Short text fragments from websites
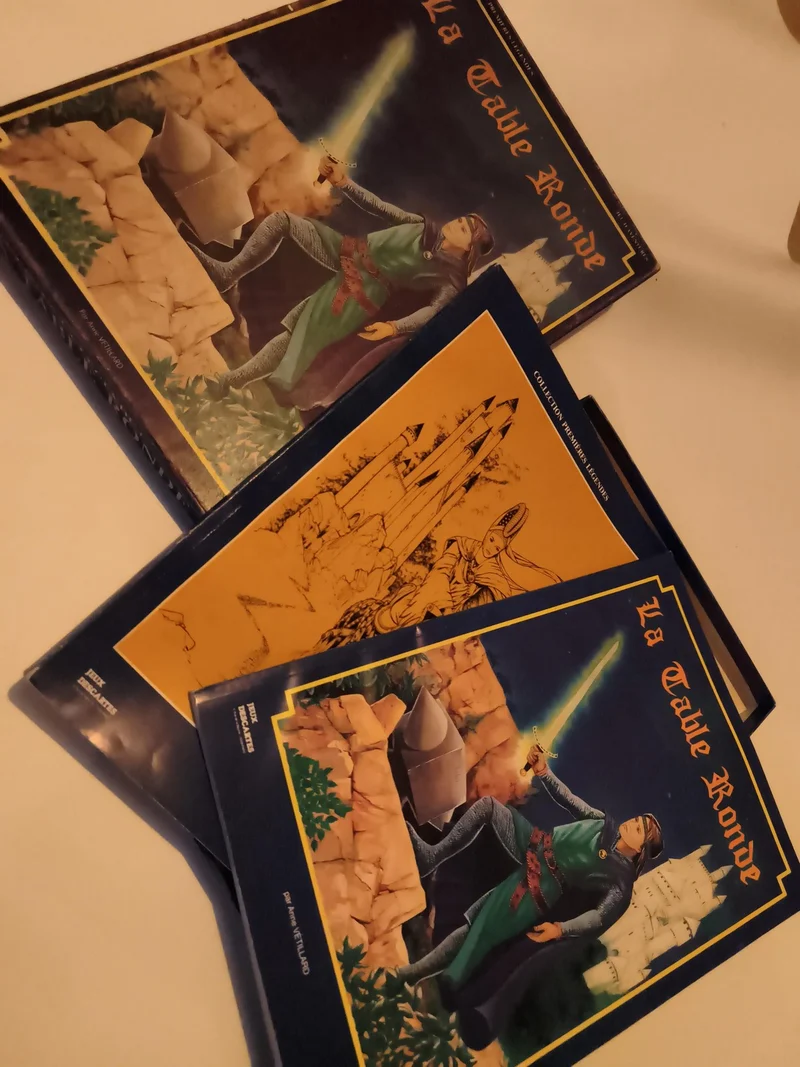 Jeu de rôle vintage La Table Ronde JDR médiéval français complet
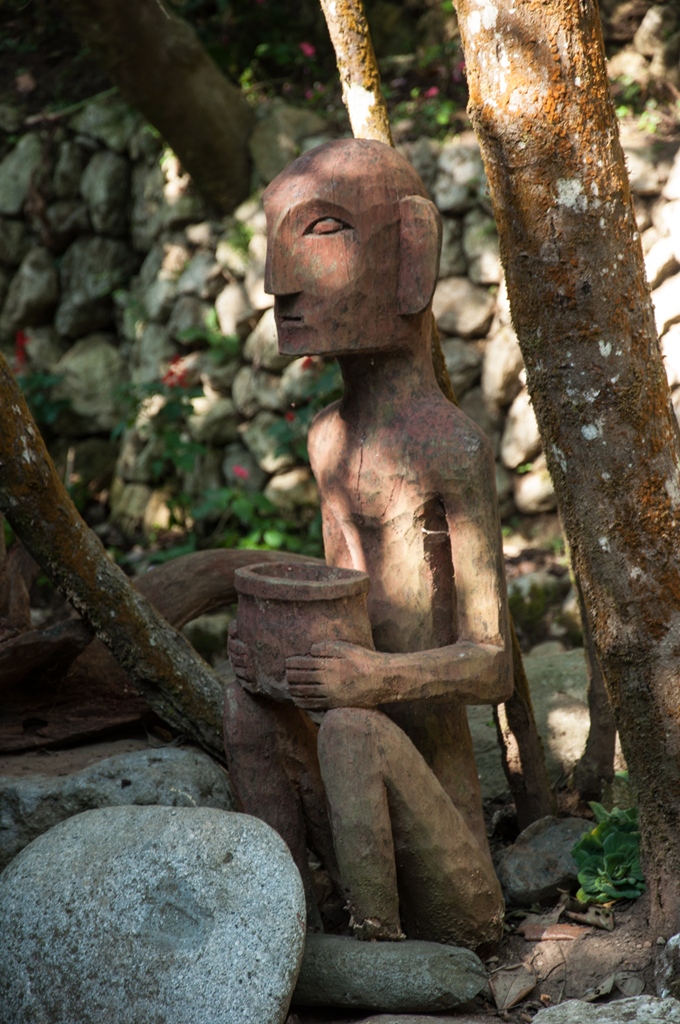 Different statues in Tam-awan Village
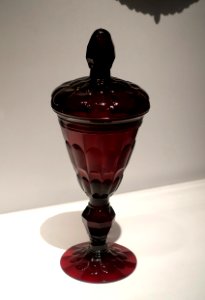 Covered goblet, Germany, Potsdam, 1725-1735, gold ruby glass - Metropolitan Museum of Art - New York City - DSC07011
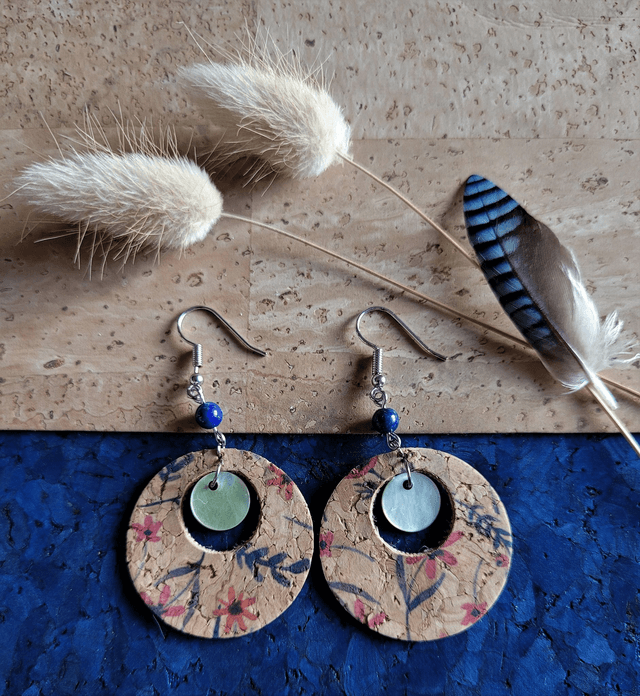 Boucles d&#039;oreille en liège, lapis lazuli et nacre ༄
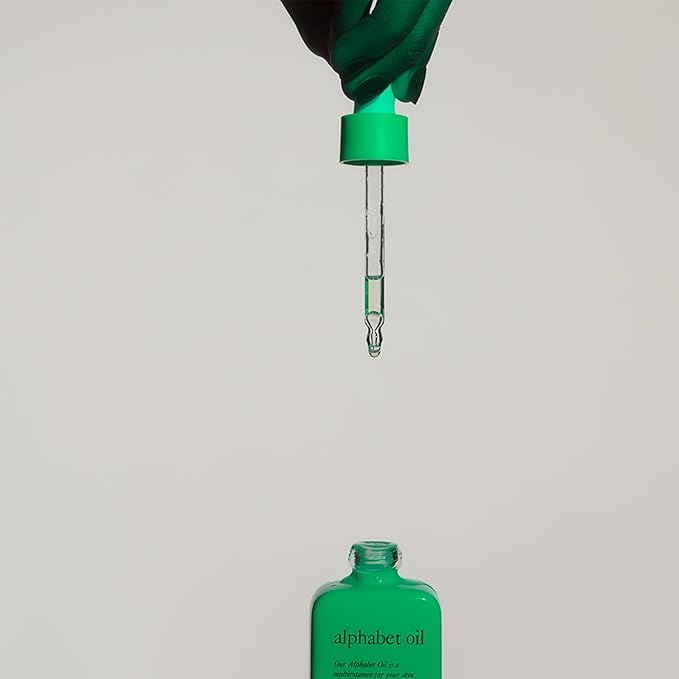 good light Alphabet Oil. Lightweight & Non-Greasy For Oily, Acne Prone Skin. Use Daily For Face, Neck, Chest, & Hands. Made With Vitamin C, Vitamin E, and Jojoba Oil. Vegan Korean Skin Care, 1 Fl. Oz.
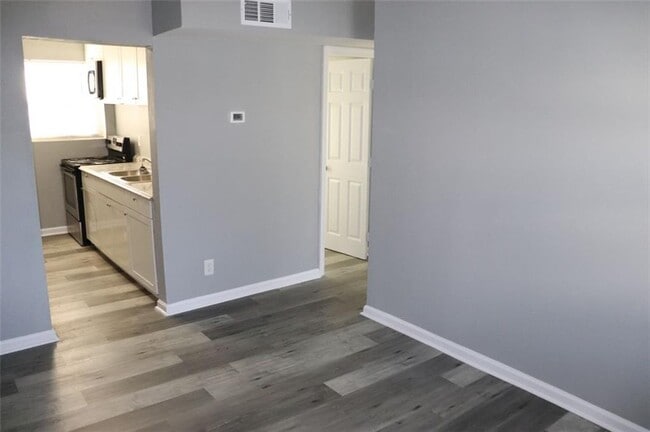 Building Photo - 740 Cooper St SW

Brief. With the pictures removed, print the entries above exactly.

Exercise output.
 Jeu de rôle vintage La Table Ronde JDR médiéval français complet
 Different statues in Tam-awan Village
 Covered goblet, Germany, Potsdam, 1725-1735, gold ruby glass - Metropolitan Museum of Art - New York City - DSC07011
 Boucles d&#039;oreille en liège, lapis lazuli et nacre ༄
 good light Alphabet Oil. Lightweight & Non-Greasy For Oily, Acne Prone Skin. Use Daily For Face, Neck, Chest, & Hands. Made With Vitamin C, Vitamin E, and Jojoba Oil. Vegan Korean Skin Care, 1 Fl. Oz.
 Building Photo - 740 Cooper St SW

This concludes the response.